START Data provided
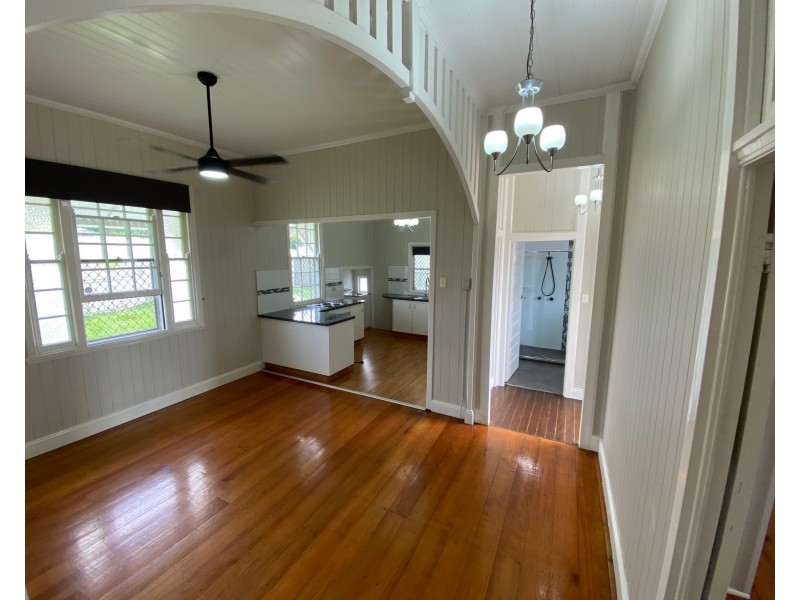 5 West Street, Newtown QLD 4350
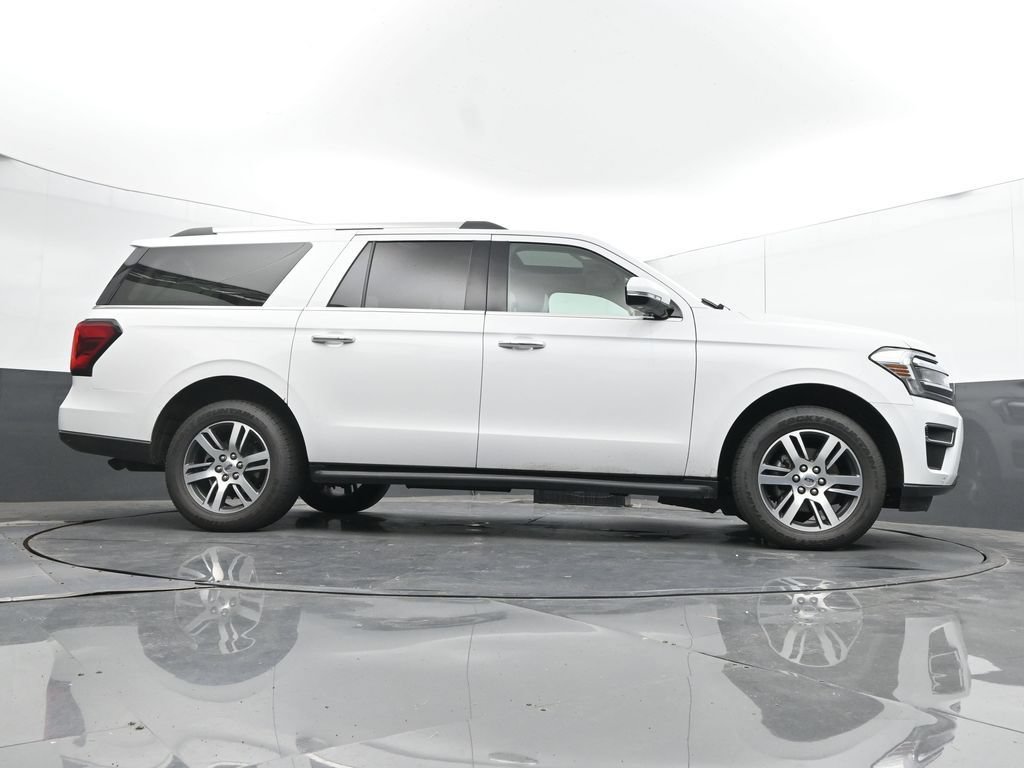 Used 2024 Ford Expedition Max Limited AWD/4WD image 24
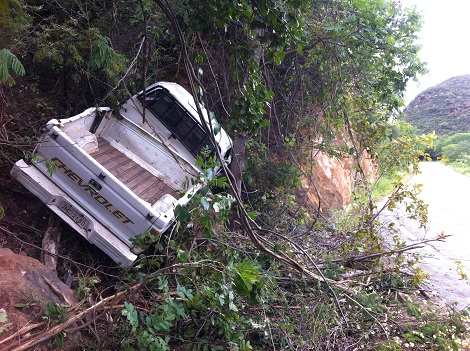 D20 TOMBA NA SERRA DAS ALMAS E UMA PESSOA FICA FERIDA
END Data provided
What you return should be the whole listing, word for word, without its pictures.

 5 West Street, Newtown QLD 4350
 Used 2024 Ford Expedition Max Limited AWD/4WD image 24
 D20 TOMBA NA SERRA DAS ALMAS E UMA PESSOA FICA FERIDA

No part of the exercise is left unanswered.